With anti-gun teens and a black, queer director hitting newsstand covers, Aguilera’s Paper issue is an outdated outlier as the face of social change evolves.
Christina Aguilera’s Makeup-Free Cover Is Anything But Revolutionary

hi mom @papermagazine #Transformation #xtinaPAPER

A post shared by Christina Aguilera (@xtina) on

This may come as a surprise to some, but Christina Aguilera has a face. On it, there are blue eyes (2), eyebrows (2), at least 20 freckles, and a mouth (at least on weekdays — we don’t see her on off-hours). Covering the latest issue of Paper Magazine, the singer and Voice coach’s face appears make-up free, or perhaps, sporting makeup that gives her the appearance of being makeup-free. Then, like me, the media did what media does and covered Paper’s cover (LOLs in bold):

“In the makeup-free shots, Aguilera interestingly has freckles which fans have not seen before as they are always covered up. “ — The Daily Mail

“She looks like a teenager showing off what we call our weekend face – the one just for when we decide not to leave the house.”  — Metro UK

[The] leaves readers wondering whose picture they’re actually seeing — until a few shots show up featuring Xtina’s eyelashes laden with rich black pigment, and then others with some glitter on her eyes, and all is right with the world.” — L.A. Times

If you weren’t aware, you are now: Aguilera is this news cycle’s designated celebrity rebel. The almost embarrassing speed and fervour with which Aguilera’s de-contoured cheeks have been elevated as a symbol of anarchy, of course, says more about us than her. The woman whose most recent publicity credit is “Akiko Glitter” in The Emoji Movie doesn’t have designs on heading up the first makeup-free march on Washington.
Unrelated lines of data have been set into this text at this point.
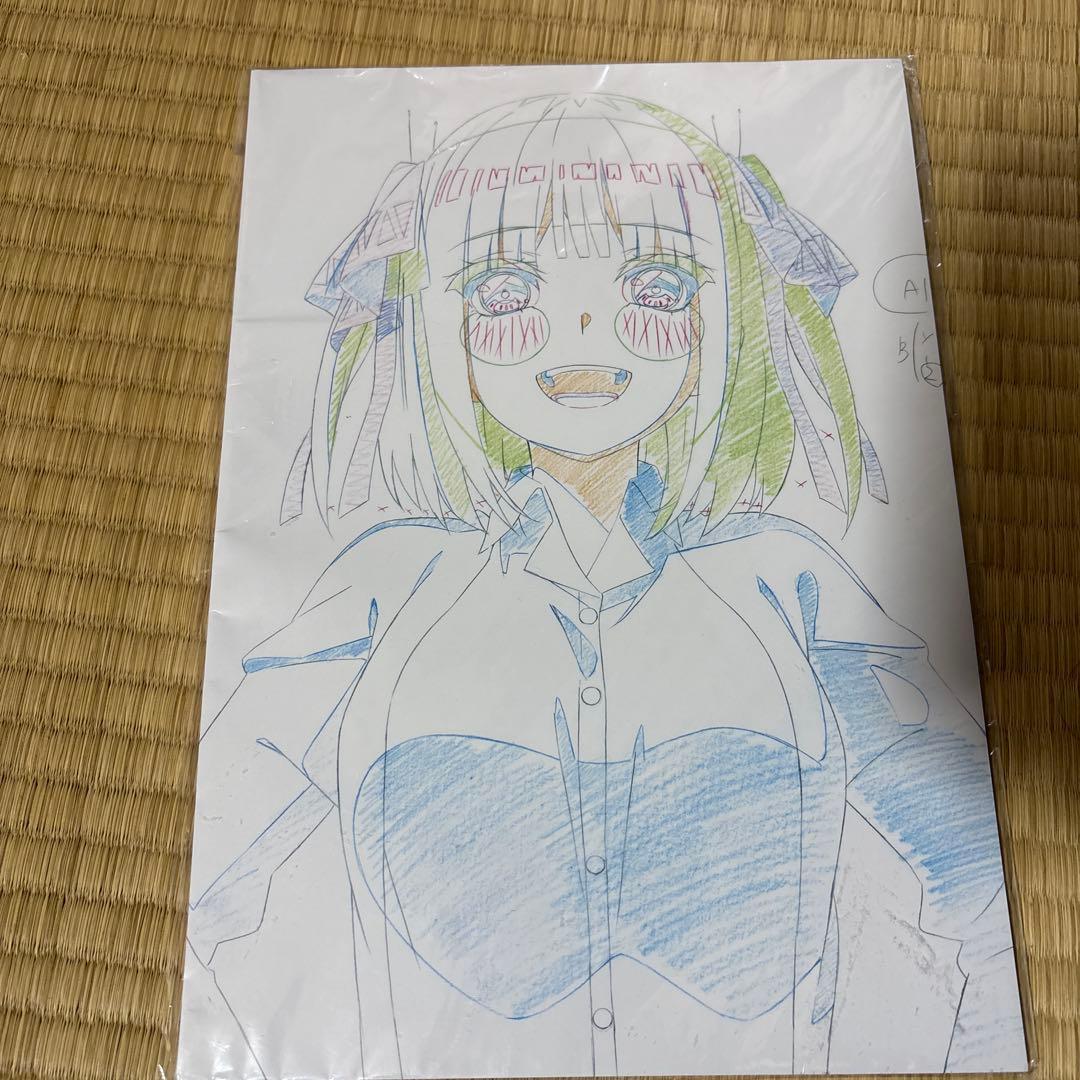 五等分の花嫁グッズセット（中野二乃グッズ多め）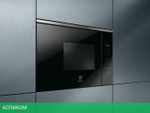 Микроволновая печь Electrolux KMFE172TEX черный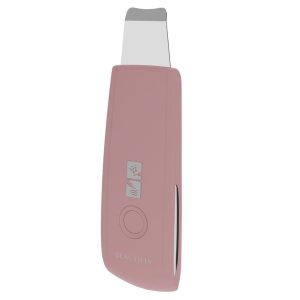 B-Scrub Blush Épurateur de Peau, Ultrasonique Épurateur Visage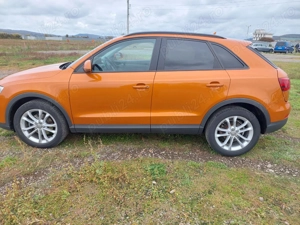 Schimb-Vand Audi Q3
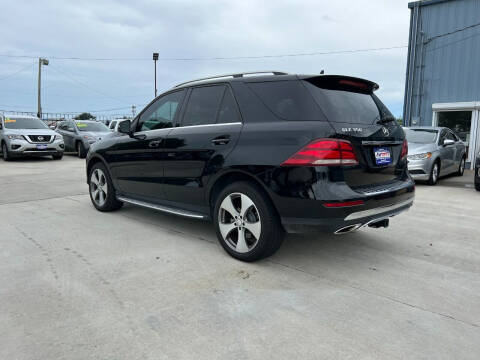 2016 Mercedes-Benz GLE GLE 350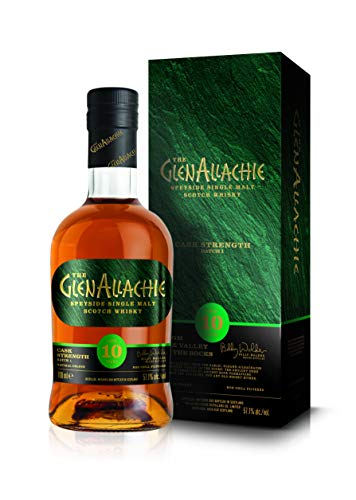Glenallachie - Cask Strength Batch 2-10 year old Whisky Glenallachie - Cask Strength Batch 2-10 year old Whisky von Glenallachie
She just hasn’t caught up with the times, and it’s not entirely her fault: Back when Aguilera first got famous and encountered public scrutiny, the pop landscape was covered in an inch-thick layer of sparkles and neoprene. The 2000s were peak artifice, and thus, our cultural bar for controversy was considerably lower: Britney Spears has had sex? Jennifer Lopez wore a translucent pashmina to the Grammys? Ricky Martin is gay?

It makes sense, then, that present-day Aguilera finds it “liberating … to be able to strip it all back and appreciate who you are and your raw beauty.” Forgive her. The closest touchpoint for "reinvention" she had was Madonna (whom the diva name-checks in the Paper article), a woman who has not left the Pope alone since 1989.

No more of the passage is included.